But still the number of Documents Processed seems to be stuck at a fixed number of items looking at the Stats and the 'numFound' result for a generic '*:*' search. New items are being added to the feeds all the time (and old ones dropping off).

Is it possible for Solr to incrementally build an index of a live RSS feed which is changing but retain the index of its archive?

All help appreciated.
Shaun

Re: Aggregated indexing of updating RSS feeds

Posted by sbarriba <sb...@yahoo.co.uk>.

All,
Can anyone advise how to stop the "deleteAll" event during a full import? 

As discussed above using clean=false with Solr 3.4 still seems to trigger a
delete of all previous imported data. I want to aggregate the results of
multiple imports.

Thanks in advance.
S

--
View this message in context: http://lucene.472066.n3.nabble.com/Aggregated-indexing-of-updating-RSS-feeds-tp3485335p3512260.html
Sent from the Solr - User mailing list archive at Nabble.com.

Re: Aggregated indexing of updating RSS feeds

Posted by Michael Kuhlmann <ku...@solarier.de>.

Am 17.11.2011 11:53, schrieb sbarriba:
> The 'params' logging pointer was what I needed.
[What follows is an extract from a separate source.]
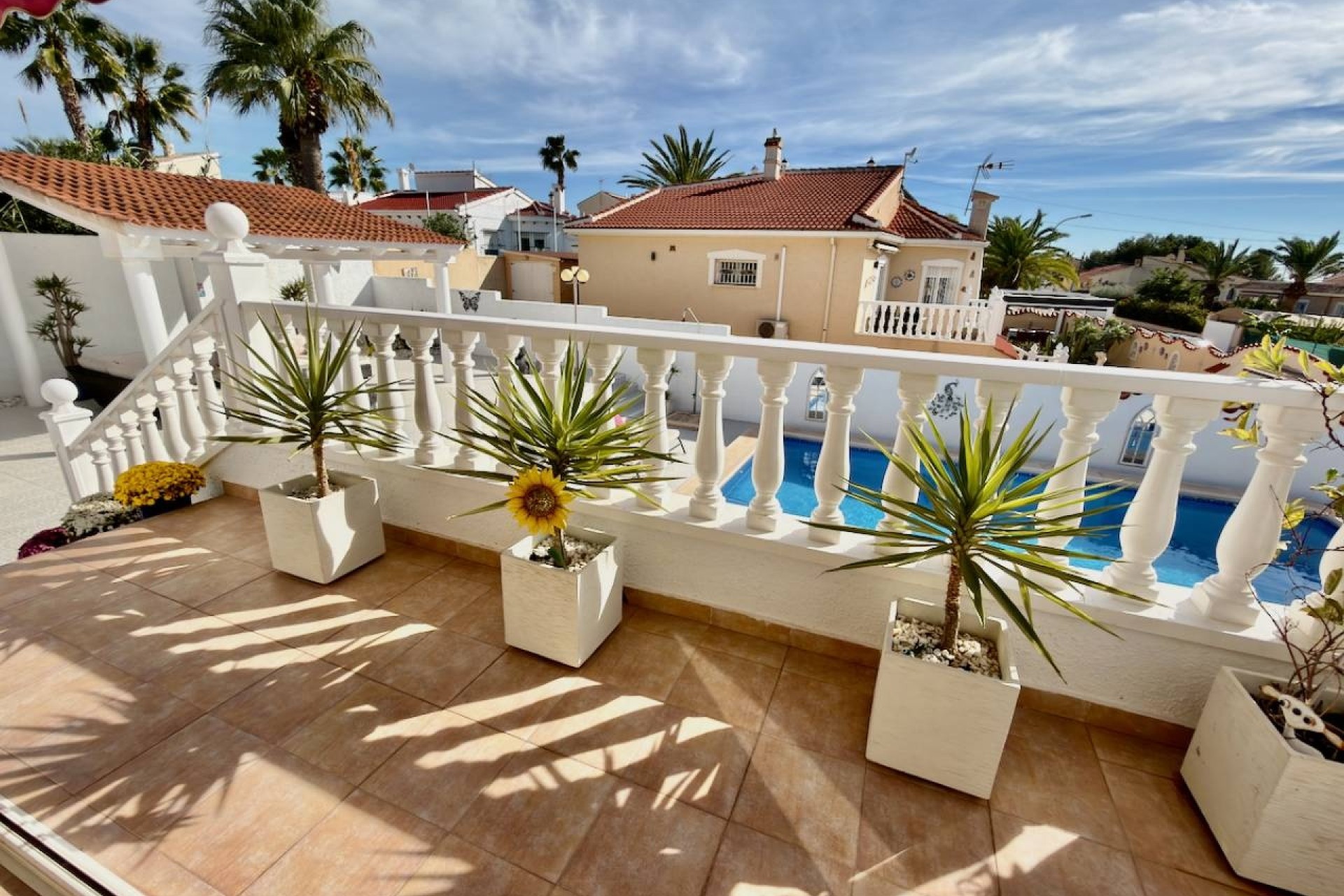 Resale - Freistehende Villa -
Ciudad Quesada - Rojales - Ciudad Quesada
So for reference its not a
> good idea to use a 'wget' command directly in a crontab.
> I was using:
>
> wget http://localhost/solr/myfeed?command=full-import&rows=5000&clean=false

:))

I think the shell handled the and sign as a flag to put the wget command 
into background.

You could put the full url into quotes, or escape the and sign with a 
backslash. Then it should work as well.

-Kuli

Re: Aggregated indexing of updating RSS feeds

Posted by sbarriba <sb...@yahoo.co.uk>.

Thanks Chris.

(Bell rings)

The 'params' logging pointer was what I needed. So for reference its not a
good idea to use a 'wget' command directly in a crontab.
I was using:

wget http://localhost/solr/myfeed?command=full-import&rows=5000&clean=false

...but moving this into a separate shell script, wrapping the URL in quotes
and calling that resolved the issue.

Thanks very much.

--
View this message in context: http://lucene.472066.n3.nabble.com/Aggregated-indexing-of-updating-RSS-feeds-tp3485335p3515388.html
Sent from the Solr - User mailing list archive at Nabble.com.
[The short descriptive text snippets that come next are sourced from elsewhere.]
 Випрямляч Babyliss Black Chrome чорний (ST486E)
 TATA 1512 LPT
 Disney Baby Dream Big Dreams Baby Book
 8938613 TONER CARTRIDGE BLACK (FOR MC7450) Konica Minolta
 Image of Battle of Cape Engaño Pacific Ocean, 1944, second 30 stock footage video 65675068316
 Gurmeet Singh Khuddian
Re: Aggregated indexing of updating RSS feeds

Posted by Chris Hostetter <ho...@fucit.org>.

: ..but the request I'm making is..
: /solr/myfeed?command=full-import&rows=5000&clean=false
: 
: ..note the clean=false.

I see it, but i also see this in the logs you provided...

: INFO: [] webapp=/solr path=/myfeed params={command=full-import} status=0
: QTime=8

...which means someone somewhere is executing full-import w/o using 
clean=false.  

are you absolutely certain that you are executing the request you think 
you are?  can you find a request in your logs that includes clean=false?
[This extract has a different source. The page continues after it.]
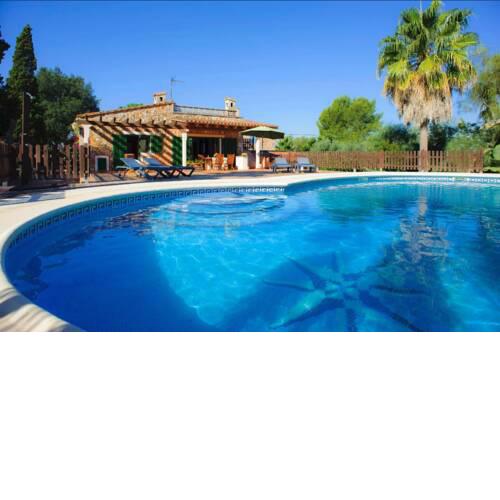 Villa Andaluza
if it's not you and your code -- it is comming from somewhere, and that's 
what's causing DIH to trigger a deleteAll...

: 10-Nov-2011 05:40:01 org.apache.solr.handler.dataimport.DataImporter
: doFullImport
: INFO: Starting Full Import
: 10-Nov-2011 05:40:01 org.apache.solr.handler.dataimport.SolrWriter
: readIndexerProperties
: INFO: Read myfeed.properties
: 10-Nov-2011 05:40:01 org.apache.solr.update.DirectUpdateHandler2 deleteAll
: INFO: [] REMOVING ALL DOCUMENTS FROM INDEX



-Hoss

Re: Aggregated indexing of updating RSS feeds

Posted by sbarriba <sb...@yahoo.co.uk>.

All,
Can anyone advise how to stop the "deleteAll" event during a full import?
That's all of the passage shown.